Are financial advisors practicing what they preach?
As you know, the Dow dropped to just above 10,000 in mid-April–well below the early March high of close to 11,000.
When I saw that, the thought quickly crossed my mind: Did the financial advisors and financial company executives practice what they preached? You know–did they do the asset allocation, the periodic rebalancing, the dollar cost averaging, the annual reviews for their own personal accounts? I sure hope so. That should keep them in a safer money zone than those who invest without follow-up or monitoring.
It also would be a great story to tell clients: “Remember when he had that big drop in mid-April of ’05? Well, I employ the same strategy that I am recommending to you, and the result in April was that….” (Hopefully, it was a good result.)
Chances are, though, that at least some experts were caught off guard by the market’s drop. They may have planned to reallocate their funds when the market was surging but somehow never got around to it. And by now, they surely are kicking themselves for the oversight.
This raises 2 key points for financial pros: They need to employ sound money management practices themselves; and they need to own the products (or at least the product classes) they sell.
From my conversations with many people in various financial sectors, neither point is a given.

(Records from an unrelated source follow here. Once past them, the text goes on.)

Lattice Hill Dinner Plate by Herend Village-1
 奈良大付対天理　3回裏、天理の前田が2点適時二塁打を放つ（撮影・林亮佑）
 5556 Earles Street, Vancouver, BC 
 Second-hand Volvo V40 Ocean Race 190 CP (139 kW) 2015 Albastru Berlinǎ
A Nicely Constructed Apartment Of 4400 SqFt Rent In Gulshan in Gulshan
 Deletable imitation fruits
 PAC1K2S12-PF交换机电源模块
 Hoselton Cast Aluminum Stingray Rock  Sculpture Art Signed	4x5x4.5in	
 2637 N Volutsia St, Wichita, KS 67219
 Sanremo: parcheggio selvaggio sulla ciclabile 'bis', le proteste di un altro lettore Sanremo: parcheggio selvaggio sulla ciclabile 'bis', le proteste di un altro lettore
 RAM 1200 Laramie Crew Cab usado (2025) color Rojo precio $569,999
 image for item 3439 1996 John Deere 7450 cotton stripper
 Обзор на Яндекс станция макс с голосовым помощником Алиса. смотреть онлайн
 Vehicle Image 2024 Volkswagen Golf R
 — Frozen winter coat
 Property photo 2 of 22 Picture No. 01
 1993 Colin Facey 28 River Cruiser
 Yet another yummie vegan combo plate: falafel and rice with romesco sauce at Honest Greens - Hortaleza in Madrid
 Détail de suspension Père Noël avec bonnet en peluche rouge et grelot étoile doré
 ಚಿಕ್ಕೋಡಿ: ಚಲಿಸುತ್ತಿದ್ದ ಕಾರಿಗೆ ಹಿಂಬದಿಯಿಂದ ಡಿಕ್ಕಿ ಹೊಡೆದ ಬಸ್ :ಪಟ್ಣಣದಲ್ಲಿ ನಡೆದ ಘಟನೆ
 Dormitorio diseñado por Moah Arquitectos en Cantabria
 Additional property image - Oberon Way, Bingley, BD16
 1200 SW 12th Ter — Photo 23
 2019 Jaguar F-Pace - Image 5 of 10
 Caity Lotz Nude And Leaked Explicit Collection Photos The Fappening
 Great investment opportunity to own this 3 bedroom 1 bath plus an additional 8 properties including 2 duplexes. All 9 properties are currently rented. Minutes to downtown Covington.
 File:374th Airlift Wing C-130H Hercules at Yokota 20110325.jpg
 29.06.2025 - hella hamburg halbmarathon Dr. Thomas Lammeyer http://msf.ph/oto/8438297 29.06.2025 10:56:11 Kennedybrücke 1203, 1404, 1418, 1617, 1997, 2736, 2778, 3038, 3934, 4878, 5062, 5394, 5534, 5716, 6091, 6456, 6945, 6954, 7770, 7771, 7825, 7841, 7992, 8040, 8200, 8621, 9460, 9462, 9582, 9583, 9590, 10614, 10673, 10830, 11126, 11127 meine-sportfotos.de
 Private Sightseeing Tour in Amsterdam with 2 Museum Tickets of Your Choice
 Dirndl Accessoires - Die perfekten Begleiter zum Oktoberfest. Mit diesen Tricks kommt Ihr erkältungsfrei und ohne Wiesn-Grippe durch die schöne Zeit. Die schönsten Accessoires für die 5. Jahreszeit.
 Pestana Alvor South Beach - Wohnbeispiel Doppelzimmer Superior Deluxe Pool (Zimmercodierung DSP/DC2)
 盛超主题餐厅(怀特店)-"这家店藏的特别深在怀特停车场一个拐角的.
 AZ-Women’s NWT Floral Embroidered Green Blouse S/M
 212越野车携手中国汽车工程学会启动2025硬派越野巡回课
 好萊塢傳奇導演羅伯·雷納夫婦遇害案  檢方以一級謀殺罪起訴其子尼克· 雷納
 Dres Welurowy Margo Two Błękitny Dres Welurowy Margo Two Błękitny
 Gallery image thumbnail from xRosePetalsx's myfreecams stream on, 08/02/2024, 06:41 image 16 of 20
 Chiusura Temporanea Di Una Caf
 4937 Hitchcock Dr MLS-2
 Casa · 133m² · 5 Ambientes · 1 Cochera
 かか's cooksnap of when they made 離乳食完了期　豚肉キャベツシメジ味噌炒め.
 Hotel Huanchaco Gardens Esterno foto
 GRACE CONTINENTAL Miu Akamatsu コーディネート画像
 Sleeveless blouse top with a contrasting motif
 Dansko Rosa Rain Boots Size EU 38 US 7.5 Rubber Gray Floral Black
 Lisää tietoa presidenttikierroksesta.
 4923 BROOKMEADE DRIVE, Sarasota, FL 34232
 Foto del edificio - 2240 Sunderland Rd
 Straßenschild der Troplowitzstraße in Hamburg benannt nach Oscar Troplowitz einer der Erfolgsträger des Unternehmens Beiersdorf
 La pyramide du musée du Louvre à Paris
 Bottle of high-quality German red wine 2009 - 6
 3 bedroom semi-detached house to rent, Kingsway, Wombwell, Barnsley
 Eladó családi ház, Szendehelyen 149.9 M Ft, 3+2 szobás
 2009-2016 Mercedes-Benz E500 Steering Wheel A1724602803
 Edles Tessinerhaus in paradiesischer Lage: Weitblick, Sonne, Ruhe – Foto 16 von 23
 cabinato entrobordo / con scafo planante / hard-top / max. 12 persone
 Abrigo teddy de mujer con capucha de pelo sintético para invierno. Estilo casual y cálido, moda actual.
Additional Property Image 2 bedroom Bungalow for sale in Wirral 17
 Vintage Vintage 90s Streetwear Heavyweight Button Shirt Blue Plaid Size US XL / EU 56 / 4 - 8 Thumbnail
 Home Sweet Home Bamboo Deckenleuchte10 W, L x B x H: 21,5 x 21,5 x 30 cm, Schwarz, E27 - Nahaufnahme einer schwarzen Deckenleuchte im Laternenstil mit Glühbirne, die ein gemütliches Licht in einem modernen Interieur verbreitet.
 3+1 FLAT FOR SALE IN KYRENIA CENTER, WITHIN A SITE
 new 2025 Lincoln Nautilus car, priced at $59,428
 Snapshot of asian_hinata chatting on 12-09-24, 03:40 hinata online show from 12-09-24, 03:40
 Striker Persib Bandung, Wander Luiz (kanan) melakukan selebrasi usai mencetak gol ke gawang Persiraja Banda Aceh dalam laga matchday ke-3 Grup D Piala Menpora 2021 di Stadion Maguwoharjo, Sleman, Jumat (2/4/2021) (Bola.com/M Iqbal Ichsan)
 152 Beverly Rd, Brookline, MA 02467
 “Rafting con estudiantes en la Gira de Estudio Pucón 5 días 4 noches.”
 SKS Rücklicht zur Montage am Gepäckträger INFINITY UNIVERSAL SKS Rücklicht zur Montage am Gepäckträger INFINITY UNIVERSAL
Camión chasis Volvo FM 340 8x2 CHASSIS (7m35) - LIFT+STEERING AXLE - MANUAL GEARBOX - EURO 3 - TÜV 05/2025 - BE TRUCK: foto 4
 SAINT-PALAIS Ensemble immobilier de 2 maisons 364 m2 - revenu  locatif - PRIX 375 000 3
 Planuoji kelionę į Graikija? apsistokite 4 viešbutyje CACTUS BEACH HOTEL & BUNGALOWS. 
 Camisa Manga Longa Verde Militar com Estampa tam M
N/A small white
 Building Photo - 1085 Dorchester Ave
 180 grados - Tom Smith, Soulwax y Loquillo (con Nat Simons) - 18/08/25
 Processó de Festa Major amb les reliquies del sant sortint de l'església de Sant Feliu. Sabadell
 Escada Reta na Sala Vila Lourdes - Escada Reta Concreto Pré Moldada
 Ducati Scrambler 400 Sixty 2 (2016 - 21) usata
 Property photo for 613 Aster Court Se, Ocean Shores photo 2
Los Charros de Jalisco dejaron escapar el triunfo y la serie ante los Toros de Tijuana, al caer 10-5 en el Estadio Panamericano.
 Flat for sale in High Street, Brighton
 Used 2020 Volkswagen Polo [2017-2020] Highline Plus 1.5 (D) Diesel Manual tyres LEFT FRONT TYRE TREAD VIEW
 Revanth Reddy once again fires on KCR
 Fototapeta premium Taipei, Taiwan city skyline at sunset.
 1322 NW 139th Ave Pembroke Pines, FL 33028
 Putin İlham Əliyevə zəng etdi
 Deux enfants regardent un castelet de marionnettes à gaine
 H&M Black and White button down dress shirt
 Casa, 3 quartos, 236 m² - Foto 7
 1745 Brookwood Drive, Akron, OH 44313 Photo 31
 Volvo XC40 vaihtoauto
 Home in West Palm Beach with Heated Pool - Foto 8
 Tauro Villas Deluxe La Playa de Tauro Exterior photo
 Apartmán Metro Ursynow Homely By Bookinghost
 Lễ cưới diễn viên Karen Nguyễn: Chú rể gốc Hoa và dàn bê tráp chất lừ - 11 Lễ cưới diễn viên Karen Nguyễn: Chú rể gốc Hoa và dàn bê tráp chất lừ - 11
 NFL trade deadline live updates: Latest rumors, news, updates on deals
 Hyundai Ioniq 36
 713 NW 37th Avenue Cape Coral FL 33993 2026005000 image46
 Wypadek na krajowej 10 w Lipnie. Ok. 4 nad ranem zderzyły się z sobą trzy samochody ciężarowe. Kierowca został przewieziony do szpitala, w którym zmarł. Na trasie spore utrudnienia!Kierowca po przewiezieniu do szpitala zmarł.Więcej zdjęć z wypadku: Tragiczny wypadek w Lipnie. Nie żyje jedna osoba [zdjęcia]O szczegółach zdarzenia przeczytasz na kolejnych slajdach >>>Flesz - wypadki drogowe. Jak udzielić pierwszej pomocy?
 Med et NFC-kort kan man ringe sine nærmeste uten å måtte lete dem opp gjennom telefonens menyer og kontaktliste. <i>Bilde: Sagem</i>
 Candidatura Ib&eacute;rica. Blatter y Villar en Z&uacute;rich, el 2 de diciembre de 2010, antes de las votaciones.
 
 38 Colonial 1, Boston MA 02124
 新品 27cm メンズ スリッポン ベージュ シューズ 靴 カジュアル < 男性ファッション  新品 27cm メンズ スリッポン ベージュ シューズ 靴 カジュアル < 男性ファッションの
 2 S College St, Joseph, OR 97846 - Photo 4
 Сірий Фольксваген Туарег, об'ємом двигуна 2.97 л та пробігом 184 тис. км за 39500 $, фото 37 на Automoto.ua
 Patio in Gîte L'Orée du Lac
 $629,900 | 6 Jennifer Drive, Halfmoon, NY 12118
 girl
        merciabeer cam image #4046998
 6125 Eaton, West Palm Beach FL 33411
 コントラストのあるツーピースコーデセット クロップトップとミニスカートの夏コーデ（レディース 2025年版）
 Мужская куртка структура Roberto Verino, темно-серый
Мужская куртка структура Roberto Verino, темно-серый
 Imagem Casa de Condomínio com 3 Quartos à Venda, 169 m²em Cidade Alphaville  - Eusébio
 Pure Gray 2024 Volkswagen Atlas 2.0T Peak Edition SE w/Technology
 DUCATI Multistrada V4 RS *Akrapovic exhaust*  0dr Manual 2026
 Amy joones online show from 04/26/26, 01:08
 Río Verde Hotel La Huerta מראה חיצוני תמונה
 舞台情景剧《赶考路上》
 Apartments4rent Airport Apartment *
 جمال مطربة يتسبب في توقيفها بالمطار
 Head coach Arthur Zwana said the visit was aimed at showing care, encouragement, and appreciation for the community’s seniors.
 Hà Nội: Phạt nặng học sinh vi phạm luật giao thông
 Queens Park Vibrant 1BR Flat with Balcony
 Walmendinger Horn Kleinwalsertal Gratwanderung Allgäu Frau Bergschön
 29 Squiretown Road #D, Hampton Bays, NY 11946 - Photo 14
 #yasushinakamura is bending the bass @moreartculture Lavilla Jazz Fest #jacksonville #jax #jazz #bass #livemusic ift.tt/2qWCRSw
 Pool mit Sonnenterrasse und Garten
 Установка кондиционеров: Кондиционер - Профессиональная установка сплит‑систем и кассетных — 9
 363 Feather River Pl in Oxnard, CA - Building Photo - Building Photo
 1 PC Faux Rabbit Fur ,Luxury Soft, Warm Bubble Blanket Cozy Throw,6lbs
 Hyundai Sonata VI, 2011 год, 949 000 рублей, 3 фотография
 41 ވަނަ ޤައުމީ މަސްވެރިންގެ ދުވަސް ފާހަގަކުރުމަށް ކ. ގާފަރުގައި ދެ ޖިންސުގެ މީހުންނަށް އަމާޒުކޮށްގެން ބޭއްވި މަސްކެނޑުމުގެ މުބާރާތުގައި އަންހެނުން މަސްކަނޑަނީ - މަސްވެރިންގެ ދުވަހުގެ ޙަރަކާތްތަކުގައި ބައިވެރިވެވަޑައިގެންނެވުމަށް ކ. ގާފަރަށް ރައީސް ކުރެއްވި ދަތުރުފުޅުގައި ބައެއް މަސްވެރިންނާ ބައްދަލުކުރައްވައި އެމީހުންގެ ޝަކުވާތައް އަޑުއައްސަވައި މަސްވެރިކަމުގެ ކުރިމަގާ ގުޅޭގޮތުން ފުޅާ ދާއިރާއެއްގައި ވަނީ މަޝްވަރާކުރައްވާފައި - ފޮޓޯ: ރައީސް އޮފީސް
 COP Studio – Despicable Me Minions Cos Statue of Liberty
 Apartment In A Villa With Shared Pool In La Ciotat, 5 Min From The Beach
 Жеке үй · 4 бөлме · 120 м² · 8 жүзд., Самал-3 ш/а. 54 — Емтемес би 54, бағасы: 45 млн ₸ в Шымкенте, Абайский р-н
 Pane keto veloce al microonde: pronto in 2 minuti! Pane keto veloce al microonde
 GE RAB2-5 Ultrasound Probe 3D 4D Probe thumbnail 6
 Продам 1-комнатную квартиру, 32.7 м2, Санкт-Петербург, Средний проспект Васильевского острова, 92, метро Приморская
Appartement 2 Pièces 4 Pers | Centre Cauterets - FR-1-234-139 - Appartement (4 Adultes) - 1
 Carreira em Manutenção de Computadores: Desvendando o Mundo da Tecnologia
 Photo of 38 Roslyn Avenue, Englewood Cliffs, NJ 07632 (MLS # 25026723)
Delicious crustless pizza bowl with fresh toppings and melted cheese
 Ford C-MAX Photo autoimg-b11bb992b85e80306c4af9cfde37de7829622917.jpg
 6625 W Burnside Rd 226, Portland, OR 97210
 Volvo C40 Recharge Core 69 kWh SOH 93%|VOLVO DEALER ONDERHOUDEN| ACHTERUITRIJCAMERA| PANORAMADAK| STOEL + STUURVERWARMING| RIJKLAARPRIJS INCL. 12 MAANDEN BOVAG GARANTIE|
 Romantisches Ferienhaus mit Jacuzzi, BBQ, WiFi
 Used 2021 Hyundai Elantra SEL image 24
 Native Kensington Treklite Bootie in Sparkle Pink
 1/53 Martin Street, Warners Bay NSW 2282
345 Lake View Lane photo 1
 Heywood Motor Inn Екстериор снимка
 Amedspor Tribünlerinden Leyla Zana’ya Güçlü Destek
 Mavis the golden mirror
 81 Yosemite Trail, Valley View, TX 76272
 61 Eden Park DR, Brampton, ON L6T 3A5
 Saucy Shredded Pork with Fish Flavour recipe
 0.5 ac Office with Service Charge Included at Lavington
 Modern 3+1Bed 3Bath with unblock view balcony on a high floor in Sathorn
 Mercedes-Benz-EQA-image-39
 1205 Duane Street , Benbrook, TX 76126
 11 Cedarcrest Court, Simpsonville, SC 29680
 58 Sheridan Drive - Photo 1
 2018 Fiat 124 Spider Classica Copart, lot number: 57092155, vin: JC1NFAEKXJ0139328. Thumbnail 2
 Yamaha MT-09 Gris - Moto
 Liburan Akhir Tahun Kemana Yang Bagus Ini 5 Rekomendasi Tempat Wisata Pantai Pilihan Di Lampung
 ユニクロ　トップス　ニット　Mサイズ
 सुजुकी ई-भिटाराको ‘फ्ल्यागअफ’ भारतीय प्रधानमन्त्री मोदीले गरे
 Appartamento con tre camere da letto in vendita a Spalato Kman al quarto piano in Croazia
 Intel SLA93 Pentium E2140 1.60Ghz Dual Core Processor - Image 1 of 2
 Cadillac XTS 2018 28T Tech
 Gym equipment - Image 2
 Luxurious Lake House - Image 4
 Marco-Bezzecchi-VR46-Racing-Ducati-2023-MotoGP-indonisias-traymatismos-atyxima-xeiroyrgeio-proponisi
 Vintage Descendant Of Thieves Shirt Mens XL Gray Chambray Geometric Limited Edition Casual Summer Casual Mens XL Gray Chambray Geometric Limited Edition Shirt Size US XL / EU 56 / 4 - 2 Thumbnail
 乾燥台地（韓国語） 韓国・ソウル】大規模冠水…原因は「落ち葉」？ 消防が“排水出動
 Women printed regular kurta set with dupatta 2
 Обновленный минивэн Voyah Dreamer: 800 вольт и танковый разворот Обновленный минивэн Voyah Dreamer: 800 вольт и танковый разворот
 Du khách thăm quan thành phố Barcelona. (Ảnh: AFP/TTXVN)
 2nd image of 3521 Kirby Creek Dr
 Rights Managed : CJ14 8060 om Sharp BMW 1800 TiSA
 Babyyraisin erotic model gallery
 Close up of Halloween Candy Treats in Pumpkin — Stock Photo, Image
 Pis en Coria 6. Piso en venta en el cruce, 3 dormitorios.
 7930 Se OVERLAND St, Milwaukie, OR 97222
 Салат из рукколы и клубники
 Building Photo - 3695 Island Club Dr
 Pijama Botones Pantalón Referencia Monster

Consider: At several conferences I’ve attended, speakers have asked the audience: “How many of you own…(the insurance coverage under discussion)?” Amazingly, very few people raise their hands.
That is an alarm bell. Why do so many professionals not say they own the coverage that is the source of their bread and butter?
OK, some non-hand-raisers might just be shy; they own it but don’t tell. Others might be very private about revealing financial positions of any kind. Still, the responses are so consistent from session to session that it’s hard not to think that many industry professionals really do not own what they sell.